Song
Forward, You Witnesses!
Musician Erich Frost was a devout Jehovah's Witness active in the religious resistance to Hitler's authority. Frost was caught smuggling pamphlets from Switzerland to Germany and was deported to the Sachsenhausen concentration camp near Berlin. There, he composed this song in 1942. Frost survived the war and died in 1987. This translation is taken from the Jehovah's Witness Songbook.
Simone Arnold Liebster, who sings the English version of the song, was born in 1930 in Mulhouse, French Alsace. After the incorporation of Alsace into the German Reich during World War II, Liebster's family suffered increasing harrassment from the Nazis for following the Jehovah's Witness faith. Eventually both her father (Adolphe Arnold) and mother were arrested and sent to concentration and detention camps while she was placed in a correctional institution for "nonconformist" youth. Liebster has published an autobiography, Facing the Lion: Memoirs of a Young Girl in Nazi Europe.
Firm and determined in this time of the end,
Prepared are God's servants the good news to defend.
Though Satan against them has vaunted,
In God's strength they keep on undaunted.
Then, forward, you Witnesses, ever strong of heart!
Rejoice that in God's work you too may have a part!
Go tell far and wide God's new order is near.

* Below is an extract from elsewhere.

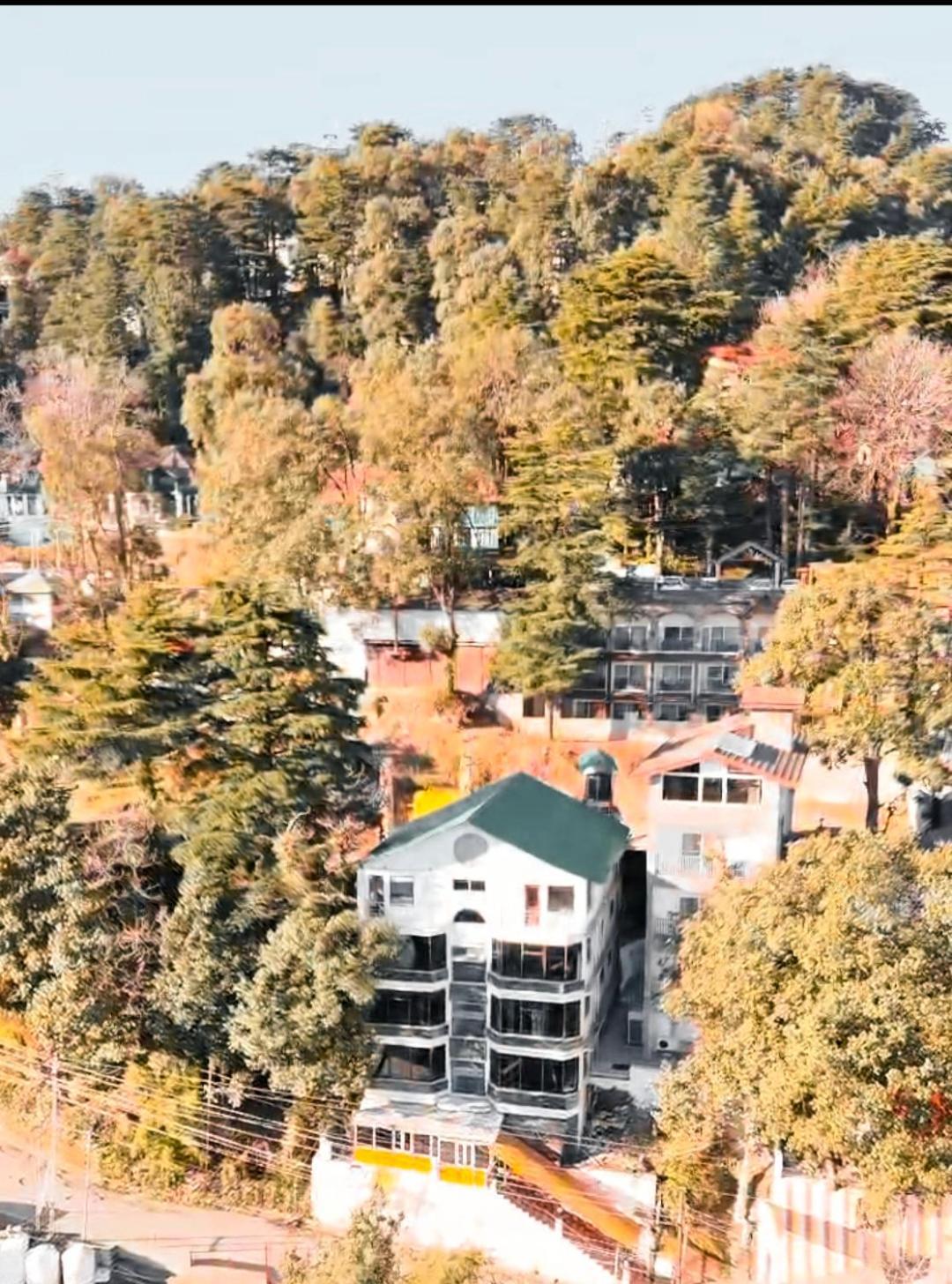 Hotel Holiday Dalhousie - Near Ghandhi Chowk Mall Road Exterior foto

That e'er long its rich blessings will be here!
Justice and truth have been pushed aside by man.
The name of Jehovah the wicked seek to ban.
These must be restored to their places
By Christians with bold, beaming faces.
Then, forward, you Witnesses, ever strong of heart!
Rejoice that in God's work you too may have a part!
Go tell far and wide God's new order is near.
That e'er long its rich blessings will be here!
Soldiers of Jah do not seek a life of ease.
The world and its rulers they do not try to please,
Unspotted at all times remaining,
Integrity always maintaining.
Then, forward, you Witnesses, ever strong of heart!
Rejoice that in God's work you too may have a part!
Go tell far and wide God's new order is near.
That e'er long its rich blessings will be here!